Pour éliminer ce risque, la Chine doit voir au-delà d’Evergrande. Le pays doit intervenir, assouplir certaines règles relatives aux prêts hypothécaires, certaines réglementations macroprudentielles dont la Chine est très fière mais qui, en un sens, ont précipité cette crise. Il faudrait aussi réduire les taux d’intérêt et adopter une politique de relance budgétaire beaucoup plus agressive au cours des trois à six prochains mois. Et on attend toujours toutes ces mesures politiques. Le risque est donc toujours présent. Je pense simplement que l’analogie avec Lehman est erronée.

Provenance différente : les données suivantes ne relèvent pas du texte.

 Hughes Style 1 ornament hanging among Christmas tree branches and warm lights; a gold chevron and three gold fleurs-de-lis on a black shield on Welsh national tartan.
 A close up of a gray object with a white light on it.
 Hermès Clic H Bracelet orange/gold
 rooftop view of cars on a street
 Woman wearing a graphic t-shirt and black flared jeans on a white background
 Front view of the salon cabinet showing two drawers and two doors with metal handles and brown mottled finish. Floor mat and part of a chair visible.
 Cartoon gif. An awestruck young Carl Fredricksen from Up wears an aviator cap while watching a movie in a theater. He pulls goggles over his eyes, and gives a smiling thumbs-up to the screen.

- Expliquez-moi un peu mieux. Où est-ce que ça pourrait nous mener, de votre point de vue? Si la Chine assouplit ses politiques et la réglementation des prêts hypothécaires, si elle desserre les robinets monétaires et prend des mesures de relance, est-ce que ça peut non seulement améliorer la situation, mais en plus créer une sorte de tremplin? Ou est-ce une vision trop optimiste?
- Je pense que les décideurs chinois sont pris entre l’arbre et l’écorce. Je sais que c’est un cliché, mais l’image me semble appropriée. La Chine ne veut pas que l’immobilier augmente trop, parce qu’elle estime que ça bride la croissance démographique. Les jeunes couples ne font qu’un seul enfant parce que c’est trop difficile et dispendieux d’en avoir plusieurs dans certaines grandes villes côtières. Le pays veut donc officieusement limiter la hausse des prix de l’immobilier à environ 1 % par an.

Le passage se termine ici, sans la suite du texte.